Captioned web image data:
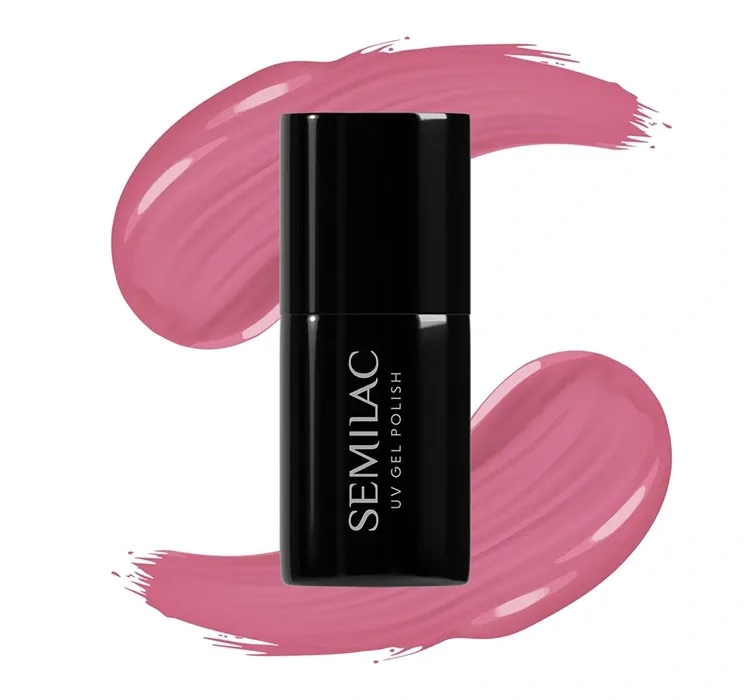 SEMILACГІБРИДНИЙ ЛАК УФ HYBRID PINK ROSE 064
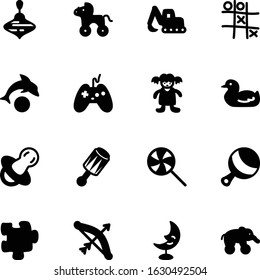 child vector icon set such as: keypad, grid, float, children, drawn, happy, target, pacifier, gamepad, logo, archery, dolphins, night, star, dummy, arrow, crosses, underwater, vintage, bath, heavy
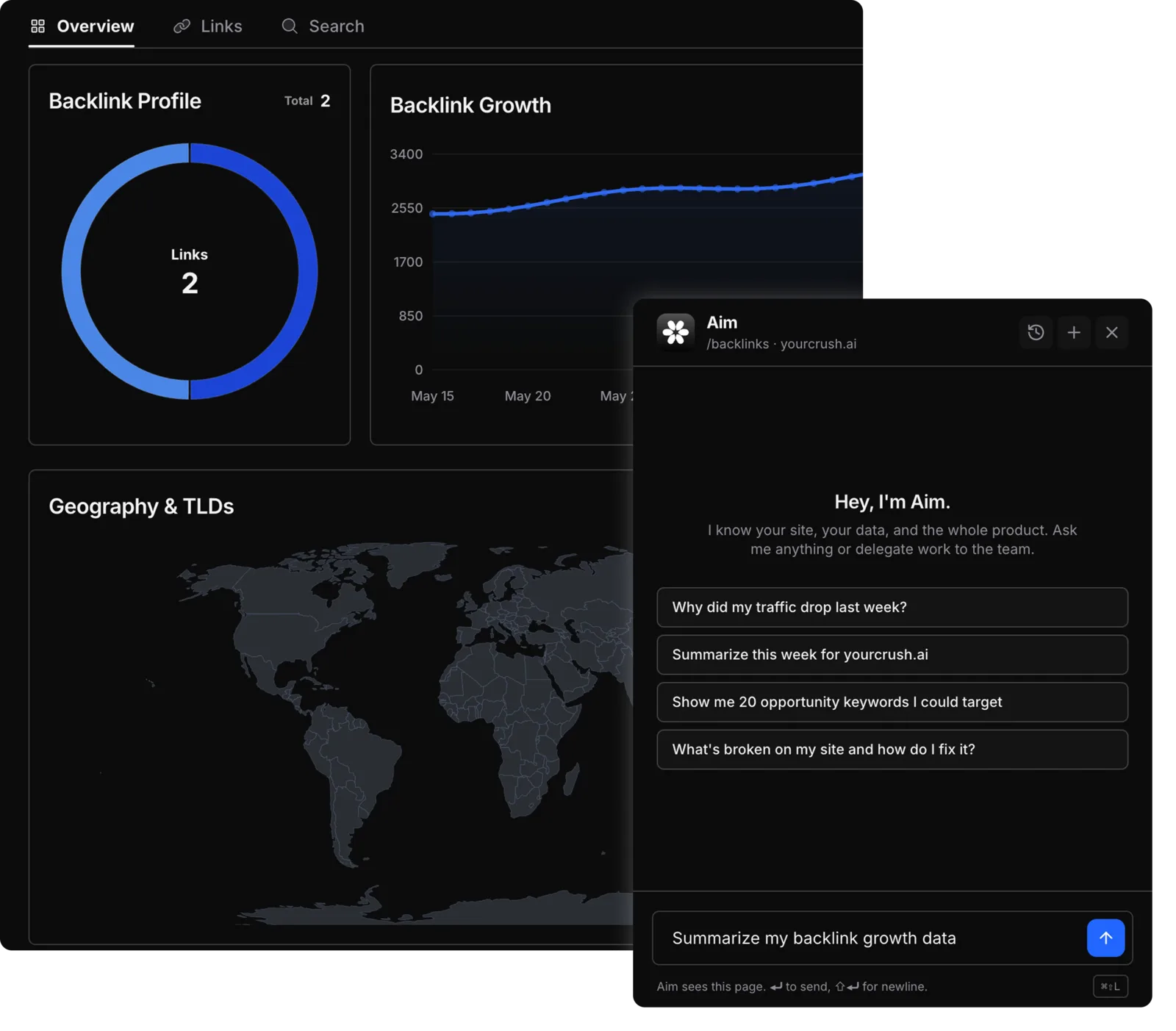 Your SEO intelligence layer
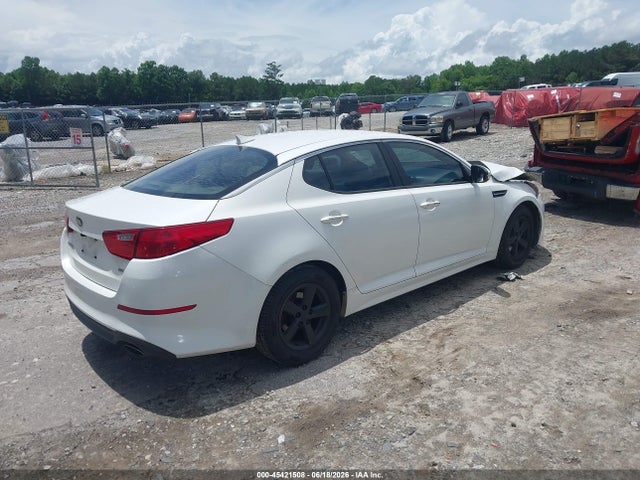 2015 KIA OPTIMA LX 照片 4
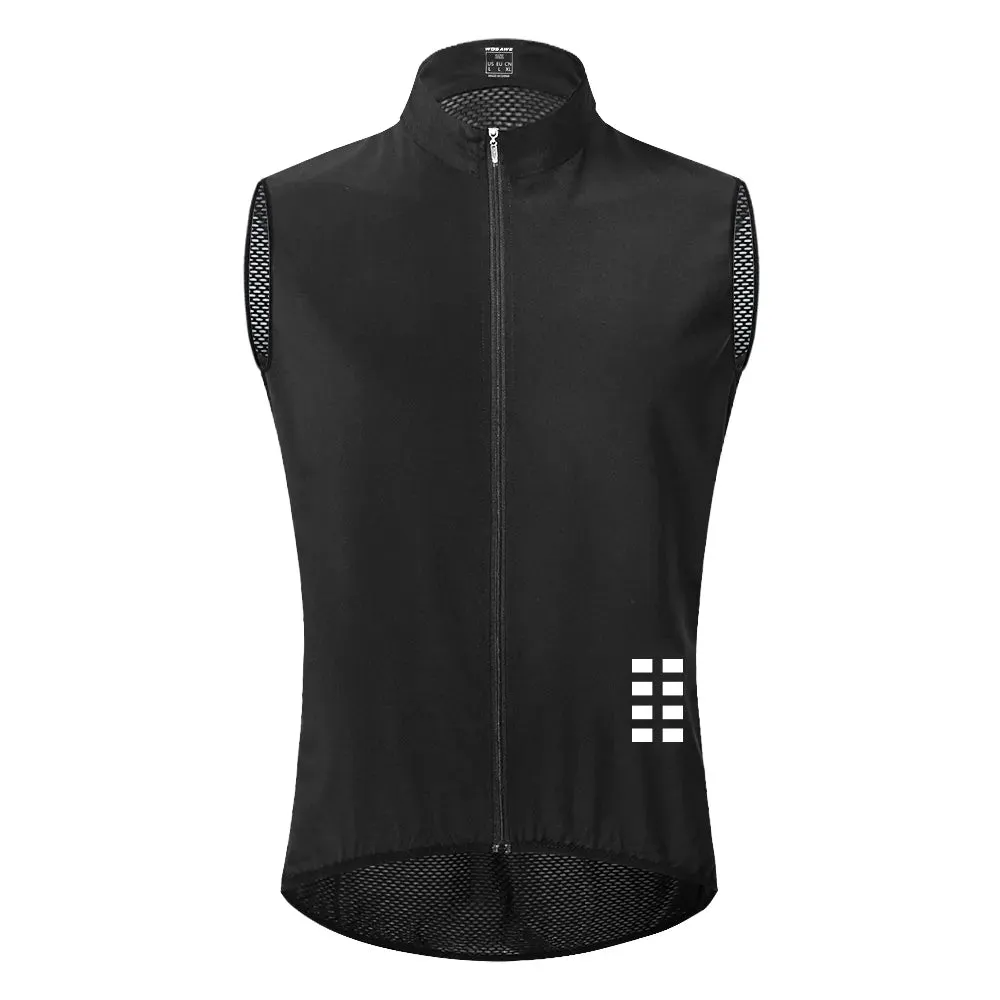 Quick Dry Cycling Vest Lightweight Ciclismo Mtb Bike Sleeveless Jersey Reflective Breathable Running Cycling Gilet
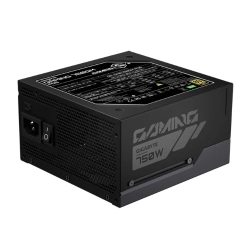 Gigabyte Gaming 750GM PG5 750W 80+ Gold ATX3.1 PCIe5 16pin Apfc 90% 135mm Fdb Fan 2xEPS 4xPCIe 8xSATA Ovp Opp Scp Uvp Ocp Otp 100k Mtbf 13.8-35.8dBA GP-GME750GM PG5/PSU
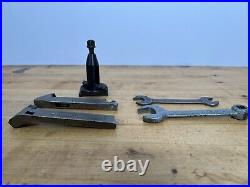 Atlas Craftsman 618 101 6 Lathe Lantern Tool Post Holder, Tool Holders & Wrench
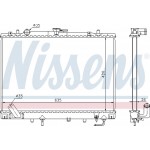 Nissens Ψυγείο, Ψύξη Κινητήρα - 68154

...

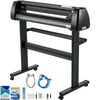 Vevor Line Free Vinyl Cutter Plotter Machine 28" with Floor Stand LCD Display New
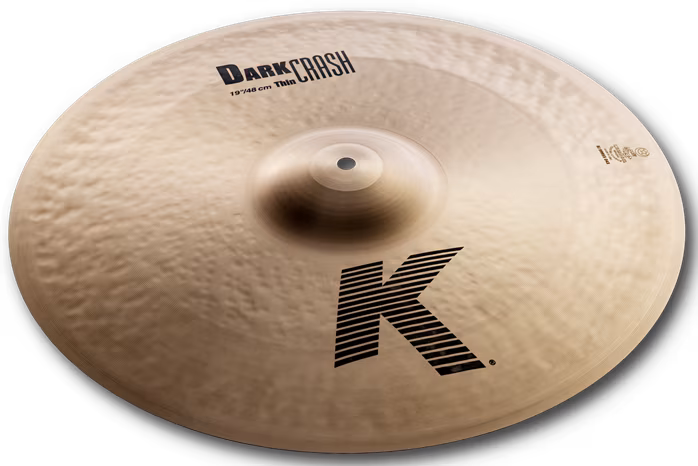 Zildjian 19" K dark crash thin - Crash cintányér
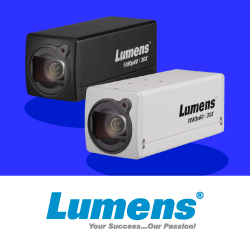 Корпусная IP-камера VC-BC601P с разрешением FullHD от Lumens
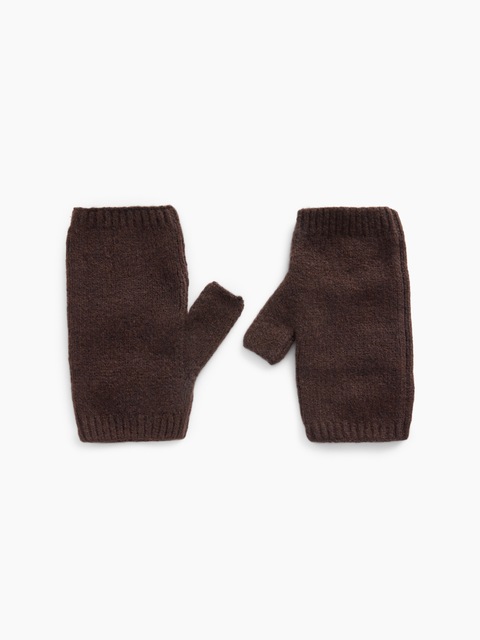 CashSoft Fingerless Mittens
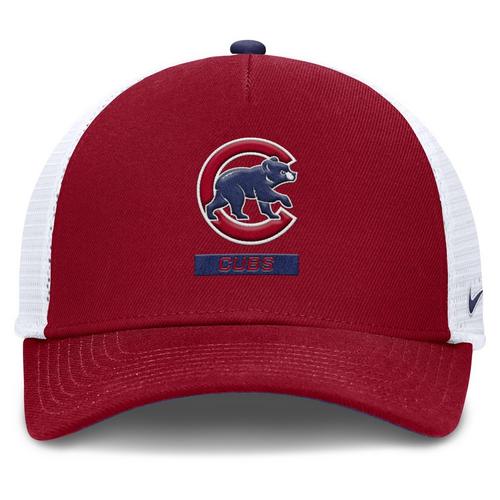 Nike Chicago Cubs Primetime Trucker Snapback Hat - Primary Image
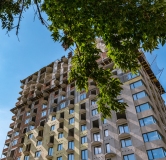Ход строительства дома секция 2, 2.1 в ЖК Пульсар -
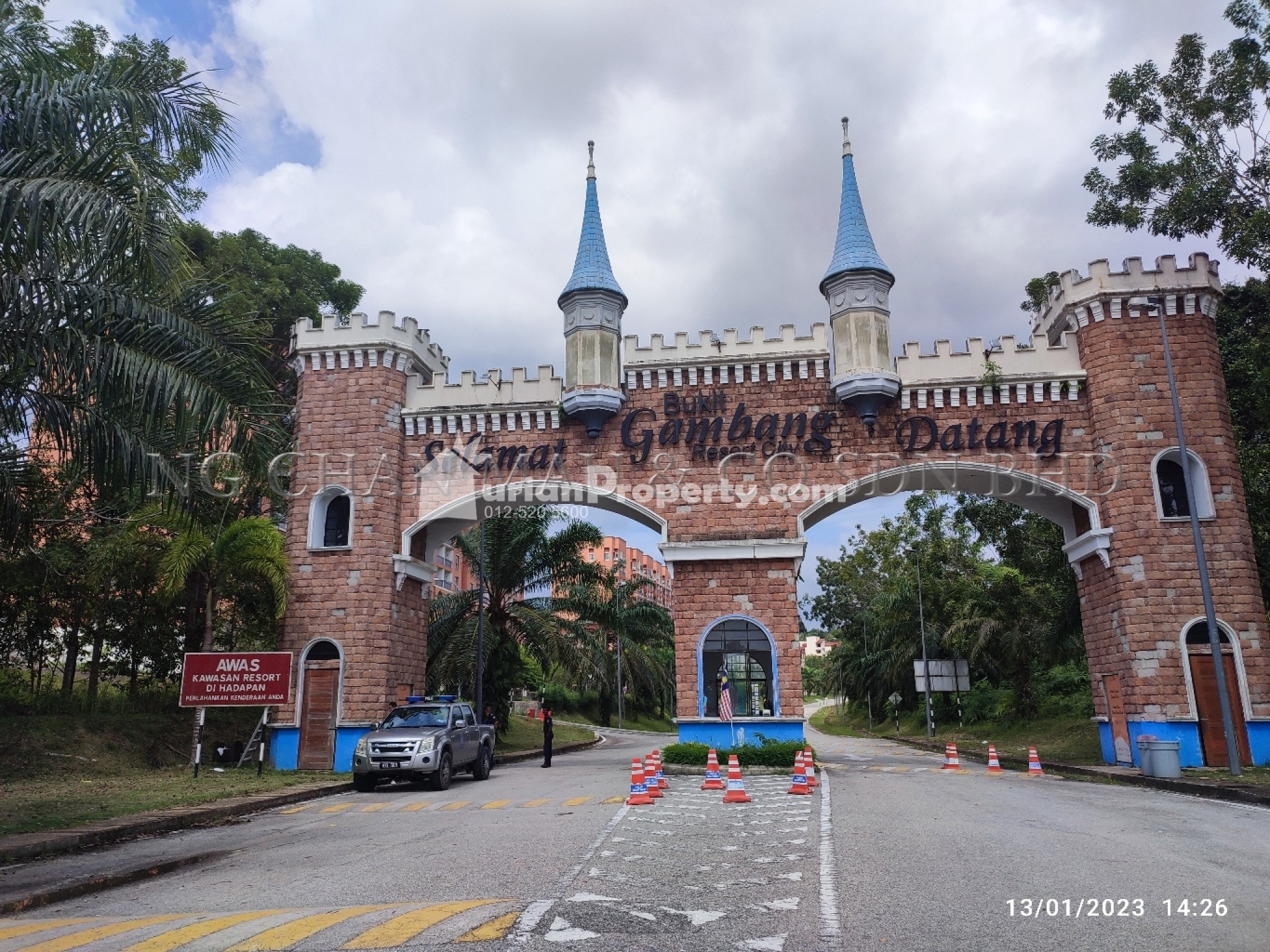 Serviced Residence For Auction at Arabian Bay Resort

■ **ASSIGNMENT**:
Out of the records above, please copy exactly the lines from the line with "- Crash cintányér" up to and including the line with "Serviced Residence For", minus the pictures.

■ **EXERCISE SOLUTION**:
 Zildjian 19" K dark crash thin - Crash cintányér
 Корпусная IP-камера VC-BC601P с разрешением FullHD от Lumens
 CashSoft Fingerless Mittens
 Nike Chicago Cubs Primetime Trucker Snapback Hat - Primary Image
Ход строительства дома секция 2, 2.1 в ЖК Пульсар -
 Serviced Residence For Auction at Arabian Bay Resort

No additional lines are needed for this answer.